With Superman's help, the Xenobrood, Leight and Copely explore an ancient, abandoned alien laboratory base, and defeat a three-eyed, white-haired Vimanian named Lord Vimana, and the members of his "Vimanian Bestiary". Lord Vimana is the last true survivor of the Vimanian overlords who created the Xenobrood, he is served by an army of human clones. The members of his Bestiary are four organic crystal drones named Kohli (Kali), Gargol (Gargoyle), Tauran (Minotaur), and Mahduse (Medusa).

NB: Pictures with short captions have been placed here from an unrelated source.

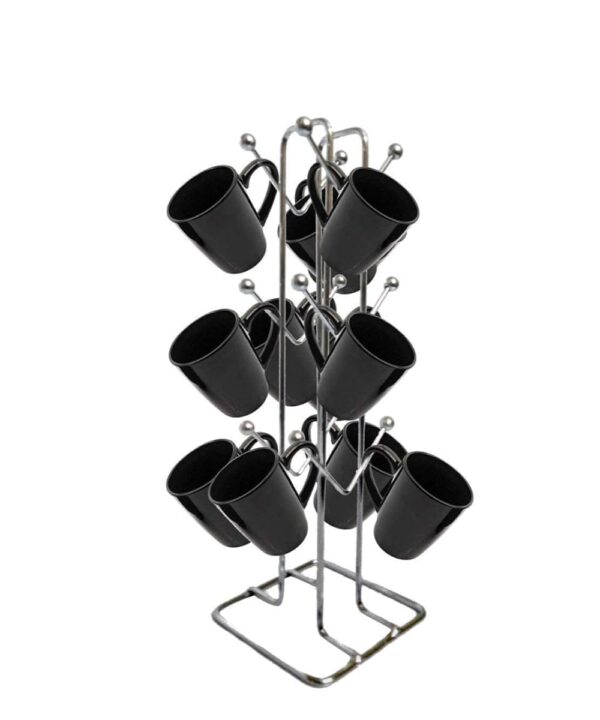 Silver Stainless Steel Tabletop Cubby Shelf Cup Rack - Ideal Silver Stainless Steel Tabletop Cubby Shelf Cup Rack - Ideal for Kitchen, Coffee, and Tea Mug Display, Elegant Dining Table Cup Holder for 12 Cups (Pack of1) (NHSP)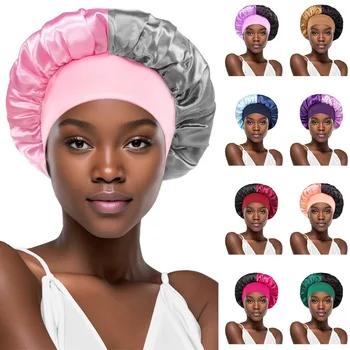 Yeni Geniş Kenar Renkli Uyku Şapka kadın Moda Elastik Kemoterapi Şapka Çift Renk Eklenmiş Saç Bakımı Yıkama Şapka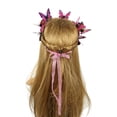 thumbnail image 3 of Bandeau Élégant pour Femmes Rose avec Sangle et Fleurs, Accessoire de Fête, 3 of 5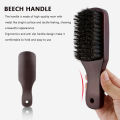 Hair Brush Wood Handle Boar Bristle Beard Comb Styling Detangling Straighten Brown Boar Bristles Massage Comb. 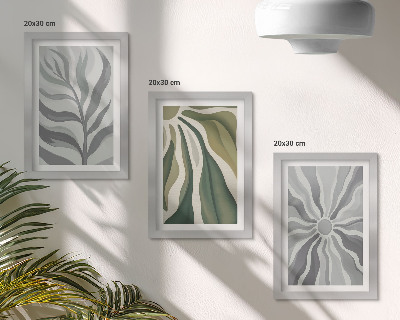 Juego de 3 cuadros decorativos Diseños vegetales en tonos verdes y grises.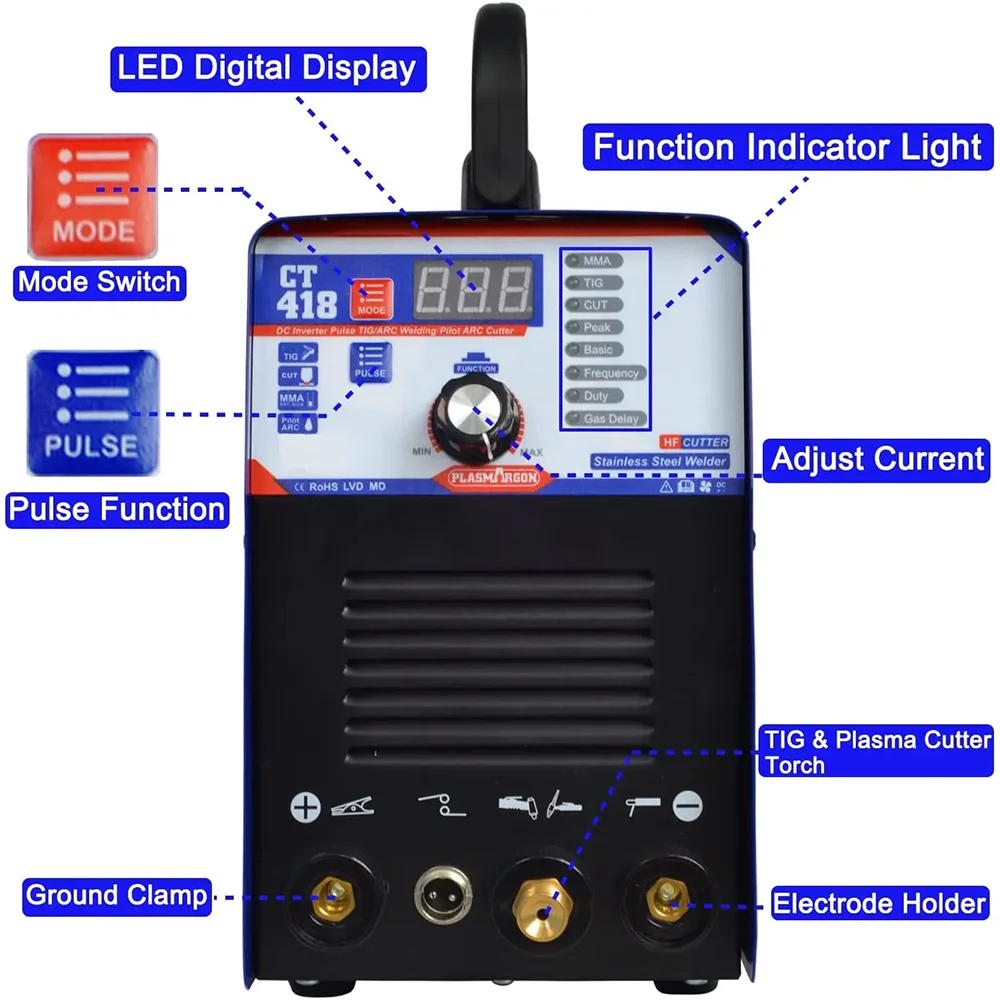 CT418 CUT/TIG/MMA 3 in 1 Multifunction Inverter Plasma Cutter 40A Welding Machine TIG 180A Argon ARC 160A Welder Equipment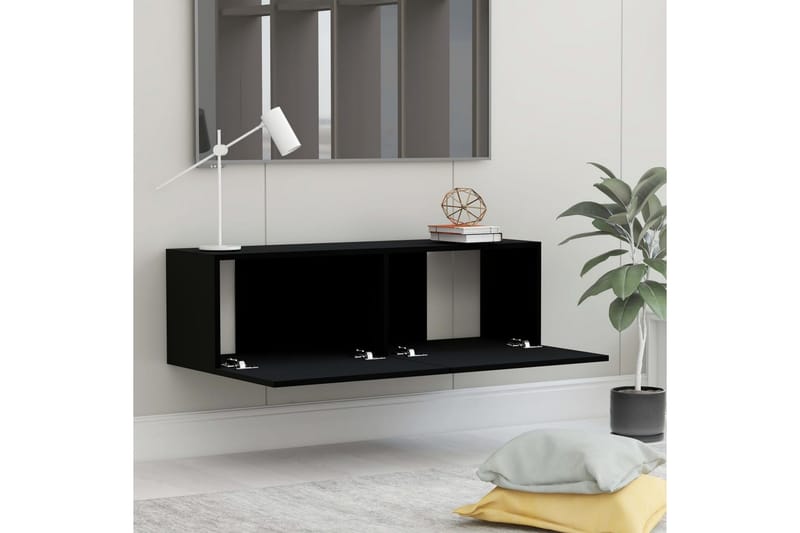Tv-Skab 100x30x30 cm Spånplade Sort - Sort - Møbler - TV borde & mediemøbler - TV-borde
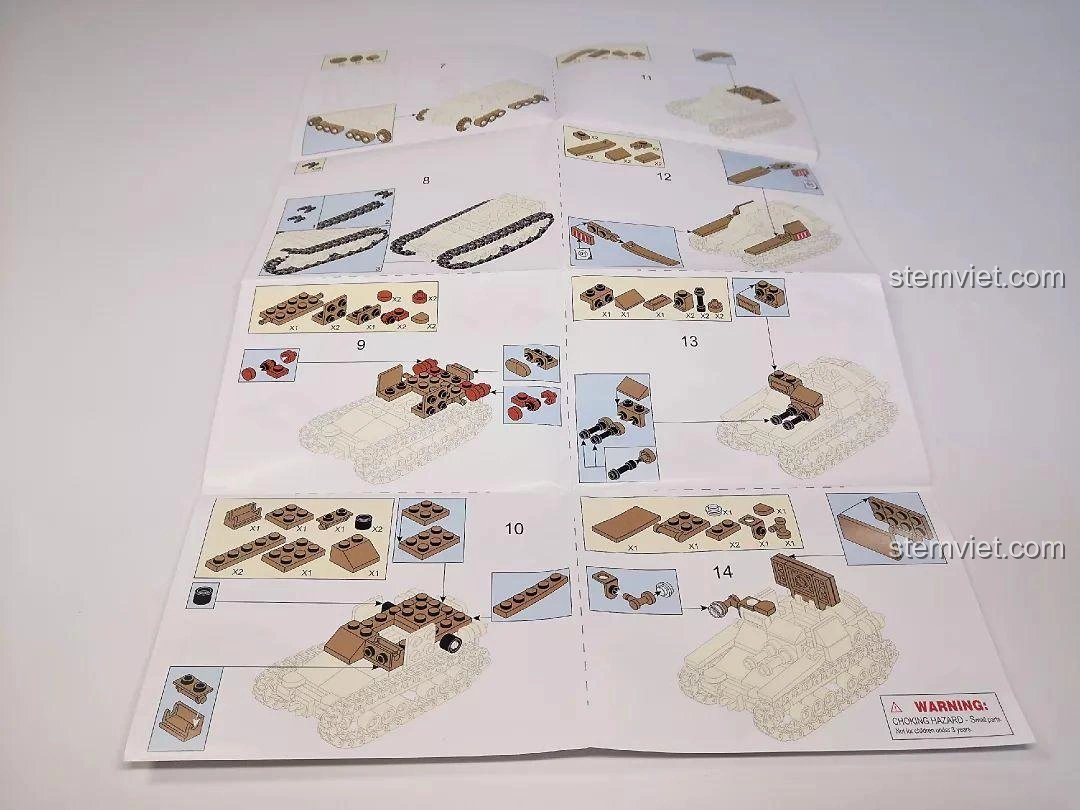 Các trang bên trong sách hướng dẫn lắp ráp Sluban M38-B0709 Xe Tăng Siêu Nhẹ CV33, với các bước lắp ráp chi tiết và hình ảnh minh họa.
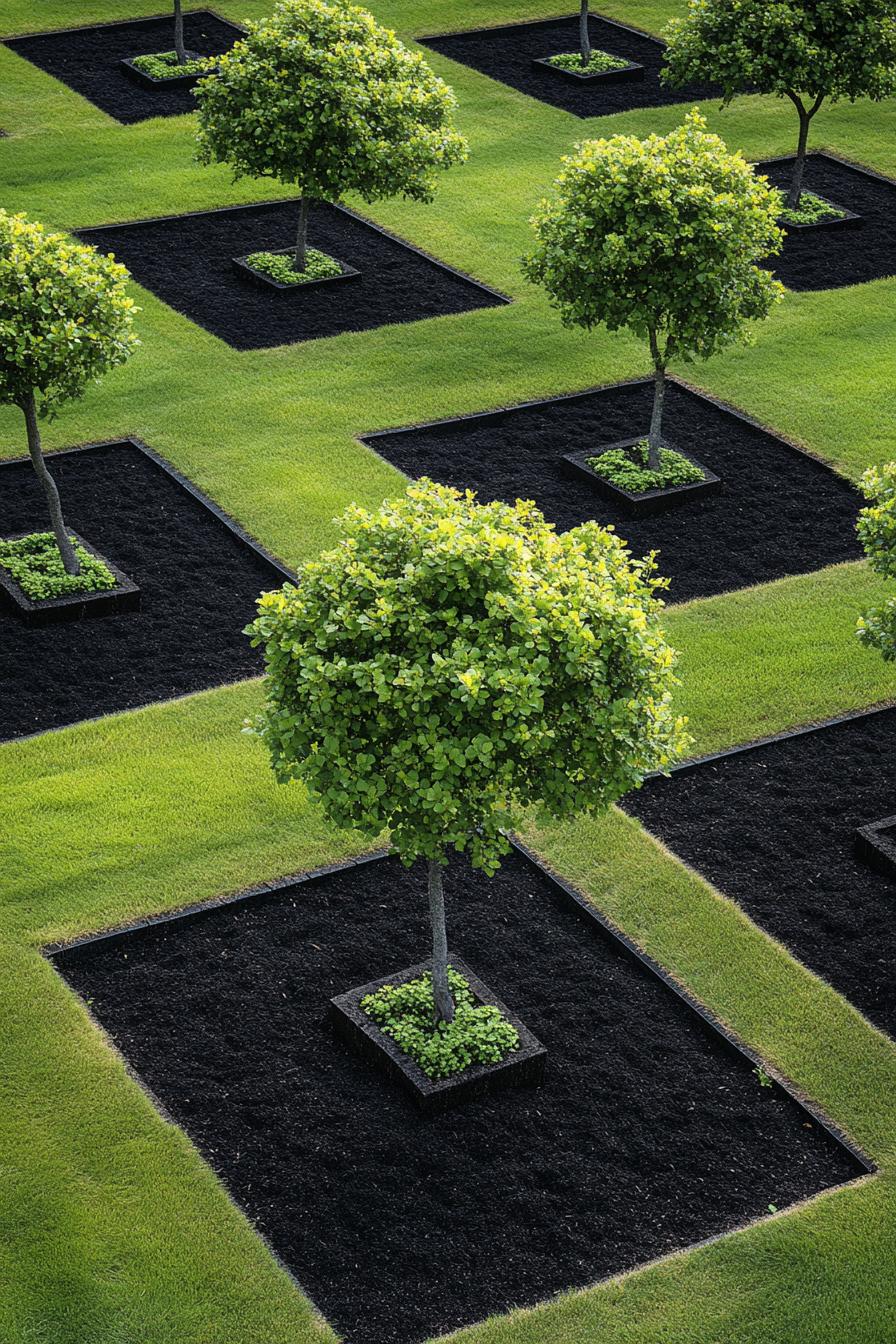 garden lawn with many symmetrically squared off dark mulch patches with a tree in each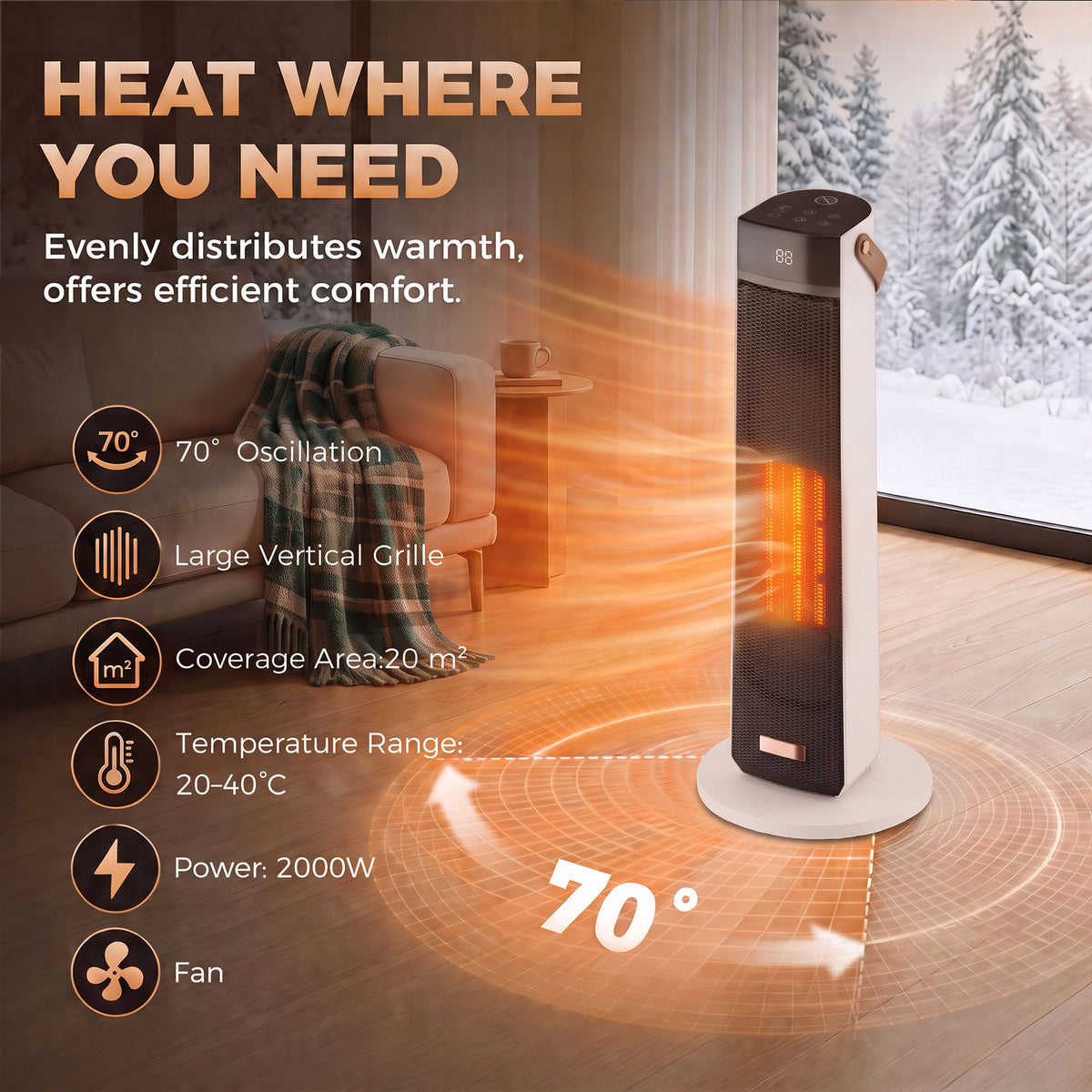 Portable ceramic tower heater with flame-effect glow on floor near window view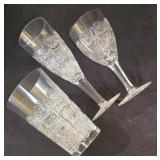 LR - Vintage  Bohemia Hand Cut Lead Crystal Wine Glasses Queen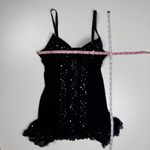Native Intimates Black Mesh Ruffle Silver Sequins Babydoll Slip Dress Lingerie Size undefined Photo 4
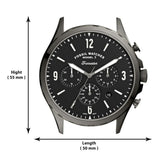 Buy Shop Fossil Forrester Chronograph Black Dial Grey Steel Strap Watch for Men - FS5606 USA Online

===Origin of the Metagene===

According to the cuneiform tablets translated by Doctor Leight and his associates, the Vimanians supposedly interfered with human evolution. By having their early worker drones mate with Australopithecus afarensis, and later Homo erectus, the Vimanians intended to jumpstart the human evolutionary process, thereby creating an entire race of super powered slaves. Much later the White Martians would experiment on Homo sapiens who had possibly inherited the metagene left by the Vimanans.

==Powers and abilities==
- According to Superman and Doctor Light, the extra chromosome possessed by members of the Xenobrood is the source of their superhuman abilities.
- The four drones have bodies that are both crystalline and organic, or as they are later referred to as "organic crystal".
- All four members of the Xenobrood have Rh negative blood that is still somehow compatible with humans.
- The drones were created for manual labor, specifically the mining of mineral and metal ores. This is supposedly reflected in the abilities they each exhibit.

==Members==
- Astra - female in blue costume who can possess people. Used to search for pockets of ore.
- Blip - green costumed female who can teleport anyone and anything anywhere. Used to transport ore and rubble.
- Thrasher - hulking brute in brown costume with super strength. Used to pulverize stone.
- Zapatak - purple costumed team leader, fires energy bolts. Used to melt ore.